Salah satu poin lain yang akhirnya kembali diubah usai diributkan oleh publik menyangkut pasal 8 menyangkut dalam tugas TNI Angkatan Darat (AD). Di dalam naskah lama RUU TNI pasal 8 ayat (b) tertulis 'Angkatan Darat melaksanakan tugas TNI dalam menjaga keamanan wilayah darat, termasuk perbatasan dengan negara lain.' Sedangkan, di dalam UU TNI tahun 2004, pasal 8 ayat (b) tertulis 'Angkatan Darat bertugas melaksanakan tugas TNI dalam menjaga keamanan wilayah perbatasan darat dengan negara lain.'

Perbedaan awal di dalam naskah RUU TNI dikhawatirkan prajurit TNI bisa beroperasi urusan keamanan di mana saja di wilayah darat. Bukan cuma di perbatasan negara yang berbatasan darat dengan Indonesia, tetapi juga di kota. Bahkan, mereka juga bisa dikerahkan di tempat-tempat yang dianggap rawan. 

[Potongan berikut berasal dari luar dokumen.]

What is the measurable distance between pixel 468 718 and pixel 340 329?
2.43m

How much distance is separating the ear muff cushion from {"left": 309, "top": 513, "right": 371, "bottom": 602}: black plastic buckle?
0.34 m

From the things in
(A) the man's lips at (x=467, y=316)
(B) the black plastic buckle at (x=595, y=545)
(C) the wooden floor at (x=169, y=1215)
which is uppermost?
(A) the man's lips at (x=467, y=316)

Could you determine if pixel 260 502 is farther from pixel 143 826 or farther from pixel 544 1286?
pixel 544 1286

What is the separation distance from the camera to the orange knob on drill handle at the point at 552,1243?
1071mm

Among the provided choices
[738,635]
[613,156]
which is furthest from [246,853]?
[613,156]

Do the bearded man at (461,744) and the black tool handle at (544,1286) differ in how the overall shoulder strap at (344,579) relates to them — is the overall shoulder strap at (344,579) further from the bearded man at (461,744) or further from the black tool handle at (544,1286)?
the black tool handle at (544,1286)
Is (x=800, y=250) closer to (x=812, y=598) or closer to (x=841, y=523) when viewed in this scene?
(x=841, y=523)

Namun, berdasarkan naskah RUU yang disahkan pada 20 Maret 2025 lalu dan telah diunggah di situs resmi DPR, maka kekhawatiran itu bisa sedikit mereda. Sebab, redaksinya pasal 8 ayat (b) berbunyi 'Angkatan Darat melaksanakan tugas TNI dalam menjaga wilayah pertahanan di darat termasuk perbatasan dengan negara lain.'

3. Pasal 47: Penempatan prajurit TNI aktif bisa ditempatkan di lebih banyak instansi sipil

Perbandingan UU baru TNI dengan UU TNI tahun 2004 pasal 47. (Dokumen UU TNI)
Perbandingan UU baru TNI dengan UU TNI tahun 2004 pasal 47. (Dokumen UU TNI)

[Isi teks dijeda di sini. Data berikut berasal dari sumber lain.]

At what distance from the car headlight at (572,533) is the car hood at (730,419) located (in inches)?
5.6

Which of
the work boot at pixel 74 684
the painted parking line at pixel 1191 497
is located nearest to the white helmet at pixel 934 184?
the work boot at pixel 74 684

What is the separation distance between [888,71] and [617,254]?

Pasal lain yang ramai dibahas oleh publik yakni soal perbedaan penambahan institusi sipil yang boleh dimasuki oleh prajurit TNI aktif. Di dalam UU TNI tahun 2004, ada 10 instansi sipil yang boleh dimasuki oleh prajurit TNI aktif. Tetapi, di dalam UU baru TNI yang disahkan pada 20 Maret 2025 lalu, instansi sipil bertambah menjadi 14. 

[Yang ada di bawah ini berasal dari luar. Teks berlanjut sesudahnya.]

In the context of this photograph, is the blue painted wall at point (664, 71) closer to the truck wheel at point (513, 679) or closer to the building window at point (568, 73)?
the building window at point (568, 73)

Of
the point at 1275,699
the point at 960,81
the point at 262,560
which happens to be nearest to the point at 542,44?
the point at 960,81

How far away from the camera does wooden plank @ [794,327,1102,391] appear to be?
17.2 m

Instansi sipil yang dapat diisi oleh prajurit TNI aktif berdasarkan UU baru TNI yaitul; Kementerian atau lembaga yang membidangi koordinator bidang politik dan keamanan negara, Pertahanan negara, Dewan Pertahanan Nasional; kesekretariatan negara (mencakup urusan kesekretariatan presiden dan kesekretariatan militer presiden), intelijen negara, siber dan atau sandi negara, lembaga ketahanan nasional, pencarian dan pertolongan, narkotika nasional, pengelola perbatasan, penanggulangan bencana, penanggulangan terorisme, keamanan laut, Kejaksaan Republik Indonesia dan Mahkamah Agung. 

Kepala Pusat Penerangan Mabes TNI, Brigjen TNI Kristomei Sianturi menjelaskan penambahan empat instansi sipil itu sesungguhnya bukan hal baru. Justru menjadi payung hukum bagi para prajurit TNI yang sudah lebih dulu ditugaskan di instansi sipil itu. Artinya, mereka sudah ditugaskan di luar dari 10 instansi sipil yang diatur di UU TNI tahun 2004 lalu. 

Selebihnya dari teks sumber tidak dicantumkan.